New build machine for nightlies

assigned to @anarcat

would be happy to spec out some hardware to ship at the new colo (which should be ready to accept it real soon now), or rent whatever at hetzner, as you wish.

mentioned in issue #40964 (closed)

ping @micah

@richard fyi - i'm working with anarcat to spec something out so we can get an idea of what the resource ask would be, be back to you asap

but we should probably run some verify that.

is that something you "some verify" plan to do? :)

So we have this interesting situation where it takes longer than a day to build all of our browser nightlies, and this situation is only going to worsen once we add privacy-browser to the mix.

I think another machine with the same specs as tb-build-04 would be sufficient, but we should probably run some verify that.

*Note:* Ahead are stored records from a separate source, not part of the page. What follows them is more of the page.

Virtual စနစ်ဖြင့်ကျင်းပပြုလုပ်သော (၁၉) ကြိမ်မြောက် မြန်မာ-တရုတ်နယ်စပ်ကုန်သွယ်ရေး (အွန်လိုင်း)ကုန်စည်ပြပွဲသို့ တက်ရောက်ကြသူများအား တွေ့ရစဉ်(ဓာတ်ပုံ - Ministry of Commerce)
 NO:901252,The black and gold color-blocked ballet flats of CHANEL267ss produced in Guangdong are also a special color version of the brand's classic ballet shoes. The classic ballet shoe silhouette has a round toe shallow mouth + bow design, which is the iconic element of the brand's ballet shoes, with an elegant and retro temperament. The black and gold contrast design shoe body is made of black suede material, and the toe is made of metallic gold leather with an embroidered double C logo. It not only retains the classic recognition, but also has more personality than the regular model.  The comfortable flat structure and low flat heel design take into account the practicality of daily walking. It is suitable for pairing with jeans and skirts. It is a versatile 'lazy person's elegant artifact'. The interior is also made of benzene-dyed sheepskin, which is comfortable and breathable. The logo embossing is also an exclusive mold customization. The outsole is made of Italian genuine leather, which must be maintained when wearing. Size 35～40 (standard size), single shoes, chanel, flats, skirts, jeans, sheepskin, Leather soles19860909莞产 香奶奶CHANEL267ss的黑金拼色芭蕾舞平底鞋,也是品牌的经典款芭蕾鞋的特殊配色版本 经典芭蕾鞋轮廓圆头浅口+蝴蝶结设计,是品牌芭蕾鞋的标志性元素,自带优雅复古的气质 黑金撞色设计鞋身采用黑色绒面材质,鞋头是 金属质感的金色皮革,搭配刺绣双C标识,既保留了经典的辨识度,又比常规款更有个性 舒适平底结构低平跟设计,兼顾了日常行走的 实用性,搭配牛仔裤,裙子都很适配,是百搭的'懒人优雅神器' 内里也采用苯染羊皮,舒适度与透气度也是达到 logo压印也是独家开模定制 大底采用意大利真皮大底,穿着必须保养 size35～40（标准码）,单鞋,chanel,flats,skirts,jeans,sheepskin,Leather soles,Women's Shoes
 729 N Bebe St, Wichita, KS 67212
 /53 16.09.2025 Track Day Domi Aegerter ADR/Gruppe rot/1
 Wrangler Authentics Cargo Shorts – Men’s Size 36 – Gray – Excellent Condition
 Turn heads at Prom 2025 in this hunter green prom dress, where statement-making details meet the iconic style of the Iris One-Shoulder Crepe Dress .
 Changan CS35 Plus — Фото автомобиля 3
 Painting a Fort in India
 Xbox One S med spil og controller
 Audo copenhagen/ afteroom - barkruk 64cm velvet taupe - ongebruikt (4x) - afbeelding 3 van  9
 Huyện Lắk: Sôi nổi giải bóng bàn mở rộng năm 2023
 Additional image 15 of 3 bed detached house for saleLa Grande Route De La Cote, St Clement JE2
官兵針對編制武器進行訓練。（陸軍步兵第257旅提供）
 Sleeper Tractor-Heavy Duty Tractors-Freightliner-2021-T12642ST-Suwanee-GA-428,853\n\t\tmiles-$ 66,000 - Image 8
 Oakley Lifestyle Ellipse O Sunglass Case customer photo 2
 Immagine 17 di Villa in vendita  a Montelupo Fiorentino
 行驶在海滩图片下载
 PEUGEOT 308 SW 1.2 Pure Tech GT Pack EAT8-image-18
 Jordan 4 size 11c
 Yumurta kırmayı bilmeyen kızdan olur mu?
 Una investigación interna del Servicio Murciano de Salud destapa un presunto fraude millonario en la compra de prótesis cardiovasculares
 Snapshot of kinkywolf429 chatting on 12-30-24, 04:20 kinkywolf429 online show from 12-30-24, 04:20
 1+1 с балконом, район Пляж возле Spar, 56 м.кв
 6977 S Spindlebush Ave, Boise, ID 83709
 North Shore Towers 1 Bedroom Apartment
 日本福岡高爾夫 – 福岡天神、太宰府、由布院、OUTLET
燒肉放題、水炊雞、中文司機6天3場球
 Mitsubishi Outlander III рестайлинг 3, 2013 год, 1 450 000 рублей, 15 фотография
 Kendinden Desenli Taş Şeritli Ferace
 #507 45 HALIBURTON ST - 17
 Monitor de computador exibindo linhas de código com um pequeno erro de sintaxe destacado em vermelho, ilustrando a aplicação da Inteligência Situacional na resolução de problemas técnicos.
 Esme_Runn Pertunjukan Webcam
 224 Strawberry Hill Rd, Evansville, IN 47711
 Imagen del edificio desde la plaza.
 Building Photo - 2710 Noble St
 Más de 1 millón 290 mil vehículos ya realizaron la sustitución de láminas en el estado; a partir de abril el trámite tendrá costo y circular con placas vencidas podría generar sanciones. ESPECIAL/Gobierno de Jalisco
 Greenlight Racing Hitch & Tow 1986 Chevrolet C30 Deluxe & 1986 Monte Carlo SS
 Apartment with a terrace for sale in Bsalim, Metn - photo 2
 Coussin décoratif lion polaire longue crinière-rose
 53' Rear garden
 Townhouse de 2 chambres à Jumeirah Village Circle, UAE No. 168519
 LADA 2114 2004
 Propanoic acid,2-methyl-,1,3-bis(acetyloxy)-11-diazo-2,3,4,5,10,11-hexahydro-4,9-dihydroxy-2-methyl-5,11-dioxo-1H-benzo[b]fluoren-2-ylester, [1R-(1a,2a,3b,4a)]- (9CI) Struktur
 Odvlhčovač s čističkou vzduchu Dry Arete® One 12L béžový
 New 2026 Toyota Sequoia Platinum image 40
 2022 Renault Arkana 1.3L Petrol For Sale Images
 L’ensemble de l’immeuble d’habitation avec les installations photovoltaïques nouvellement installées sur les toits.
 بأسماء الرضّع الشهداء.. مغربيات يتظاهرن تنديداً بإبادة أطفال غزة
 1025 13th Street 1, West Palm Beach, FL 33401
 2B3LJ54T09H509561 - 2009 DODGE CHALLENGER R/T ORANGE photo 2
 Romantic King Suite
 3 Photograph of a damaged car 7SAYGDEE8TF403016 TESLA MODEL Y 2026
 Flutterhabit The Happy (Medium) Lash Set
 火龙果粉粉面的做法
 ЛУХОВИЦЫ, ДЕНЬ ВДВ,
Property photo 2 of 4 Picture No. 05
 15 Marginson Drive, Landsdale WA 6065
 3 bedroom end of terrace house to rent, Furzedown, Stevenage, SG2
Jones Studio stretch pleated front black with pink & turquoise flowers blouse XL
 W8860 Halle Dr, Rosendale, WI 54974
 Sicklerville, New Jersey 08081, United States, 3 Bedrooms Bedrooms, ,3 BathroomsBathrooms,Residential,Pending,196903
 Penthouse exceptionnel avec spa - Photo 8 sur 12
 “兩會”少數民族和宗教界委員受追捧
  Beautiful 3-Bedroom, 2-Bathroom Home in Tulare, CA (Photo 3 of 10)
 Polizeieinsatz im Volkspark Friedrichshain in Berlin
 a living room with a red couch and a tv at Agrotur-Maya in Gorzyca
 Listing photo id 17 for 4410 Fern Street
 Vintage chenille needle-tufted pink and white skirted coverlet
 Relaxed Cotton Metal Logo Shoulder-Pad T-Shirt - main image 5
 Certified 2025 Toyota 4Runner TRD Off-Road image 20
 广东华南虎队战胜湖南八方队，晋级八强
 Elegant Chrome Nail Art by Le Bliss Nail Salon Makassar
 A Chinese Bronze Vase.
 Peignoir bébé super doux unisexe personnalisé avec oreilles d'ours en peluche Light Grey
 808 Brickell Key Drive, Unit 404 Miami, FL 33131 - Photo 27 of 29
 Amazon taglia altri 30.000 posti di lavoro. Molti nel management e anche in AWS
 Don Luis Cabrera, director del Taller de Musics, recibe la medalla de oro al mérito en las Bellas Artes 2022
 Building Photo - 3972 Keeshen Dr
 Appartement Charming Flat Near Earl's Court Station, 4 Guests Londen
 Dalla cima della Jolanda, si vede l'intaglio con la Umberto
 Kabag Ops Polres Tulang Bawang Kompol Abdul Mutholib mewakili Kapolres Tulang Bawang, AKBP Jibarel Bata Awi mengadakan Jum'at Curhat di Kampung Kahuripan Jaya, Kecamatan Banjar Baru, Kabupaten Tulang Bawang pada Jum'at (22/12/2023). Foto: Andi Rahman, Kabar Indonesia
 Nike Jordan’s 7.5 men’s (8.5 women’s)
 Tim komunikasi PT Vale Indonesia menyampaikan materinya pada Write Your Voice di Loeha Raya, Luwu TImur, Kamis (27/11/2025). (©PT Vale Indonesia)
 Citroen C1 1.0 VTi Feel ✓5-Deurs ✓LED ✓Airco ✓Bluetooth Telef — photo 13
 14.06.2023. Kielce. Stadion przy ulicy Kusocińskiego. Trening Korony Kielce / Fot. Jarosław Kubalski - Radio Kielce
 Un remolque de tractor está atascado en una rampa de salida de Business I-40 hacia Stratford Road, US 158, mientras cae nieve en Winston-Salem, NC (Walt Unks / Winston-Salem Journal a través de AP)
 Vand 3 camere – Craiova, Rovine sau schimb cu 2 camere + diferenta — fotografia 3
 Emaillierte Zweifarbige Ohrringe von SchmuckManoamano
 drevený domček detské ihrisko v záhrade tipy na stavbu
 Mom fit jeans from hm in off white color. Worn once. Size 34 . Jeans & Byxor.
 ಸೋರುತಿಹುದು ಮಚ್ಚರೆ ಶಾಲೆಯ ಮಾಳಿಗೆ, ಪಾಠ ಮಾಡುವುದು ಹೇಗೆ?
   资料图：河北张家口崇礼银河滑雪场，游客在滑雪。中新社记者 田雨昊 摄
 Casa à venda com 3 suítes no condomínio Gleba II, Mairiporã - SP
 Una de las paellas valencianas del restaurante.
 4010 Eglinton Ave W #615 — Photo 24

Do you mean with the additional disks that haven't been added yet, or without?

Also, your sentence "we should probably run some verify that" is incomplete, were you asking @boklm and @pierov to do something there, or us?

...

On 2022-12-02 17:38:38, Richard Pospesel (@richard) wrote:

-- micah

added lifecycle label

I think it might be better if we take a step back and paint a broader picture of where we want this to be in a few months. in #40964 (comment 2860430) you did a good job at presenting your needs and current infrastructure, but I'd like to see if we can push that idea a bit further...

If you could spec out the 2 or 3 (or 4?) servers you will actually need for the 2-3 next years, then we could see how we implement this. tb-build-04 and -05 have worked well as a stopgap measure to allow you to iterate much faster, and i really like that, but they're going to cost us hell if we pile up more resources on there... they charge prime money for those little extras at hetzner...

I understand 2-3 years is a big ask: it's hard to plan that far. If you want, just look at the next 6 months or something. Also feel free to say "i just want three tb-build-04 with 10TB of disk each, ktxbye", that works too, but then I would worry a little that you'd be in the same situation again in 6 months... ;)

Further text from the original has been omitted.